Bishop Paul Ngarama reads and watches the news with anxiety these days, afraid of what an excitable media will publish next about his only daughter, Ms Monica Kimani, whose murder has dominated headlines for a week now.
Monica’s murder is the kind of story that appears stranger than fiction and has enthralled the nation.
It has all the elements of a blockbuster movie: a beautiful woman, a celebrity couple, a gun, money, cross-border interests.
The public cannot seem to get enough.
TRAUMATISED FAMILY
But at the centre of all the razzmatazz is a traumatised family who are yet to come to terms with their grief, shocked that life could deal them such a cruel hand.
“Monica was my heart. She was the flower of our lives; beautiful, intelligent, generous, a peacemaker. It is hard to imagine that she has been taken from us forever and will never come back home,” said Bishop Ngarama.

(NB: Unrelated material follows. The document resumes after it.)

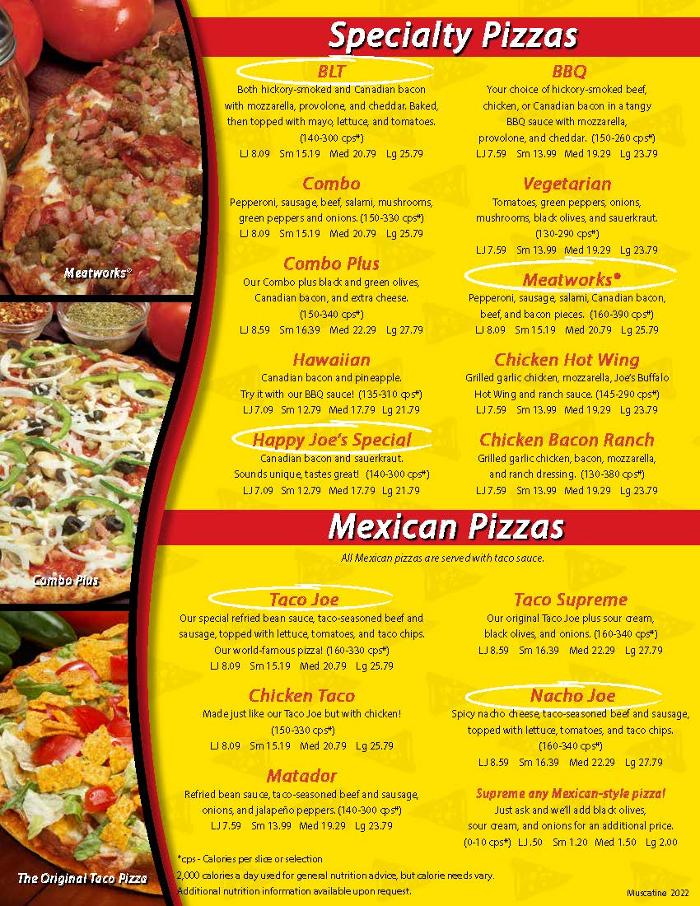 Happy Joe's Pizza & Ice Cream - Muscatine- Grandview - Muscatine, IA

When the Nation met him in Thika, the 51-year-old preacher was reluctant to give this interview, distressed over what he says are lies that blogs have been publishing about his daughter.
He admits that Monica, who would have turned 28 a week from now, loved the finer things in life but disputes that someone else was funding it.

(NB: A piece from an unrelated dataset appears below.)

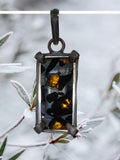 IMILAC Pallasite Meteorite Jewelry I Pallasite Pendant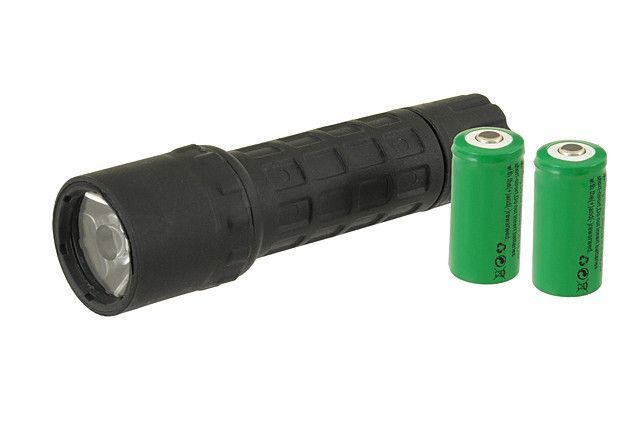 Kompaktowa latarka LED - BLACK [FMA] (для страйкболу) TB514 фото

Yes, it is true that she had a house in Ruaka, drove a flashy BMW X5, was often photographed in expensive clothes and shoes and was a frequent flyer between Nairobi, Juba, Dubai and sometimes China.
NO SHADOWY SPONSORS
But the bishop wants to set the record straight that his daughter’s wealth came from the business that she ran, and not from shadowy sponsors as per some media reports.
“She was a hard worker with a keen sense for making money. She was involved in interior design and cleaning services and had some lucrative contracts from Unicef and UAP Insurance. She was not living off any man, least of all General Daniel Awet Akot whom she never met,” he said.
According to Ngarama, General Akot, currently the deputy speaker in South Sudan’s parliament, was not known to Monica.
“I am the one who knew the general. I met him when I was chairman of the Kenyan business community in Rumbek and he helped me open churches. That was the extent of our relationship. We lost contact in 2013 when the war broke out and I came back to Kenya,” said Ngarama.
Monica had always chosen the road less travelled.
The first time that she went to South Sudan, she was just 20 years old, and she was interning at the Kenyan Embassy in Juba.
SENSE OF ADVENTURE
She was a student of International Relations at what is now Technical University of Kenya and was eager to do her compulsory internship in Juba, displaying a stubborn streak and a remarkable sense of adventure for one so young. That was in 2010.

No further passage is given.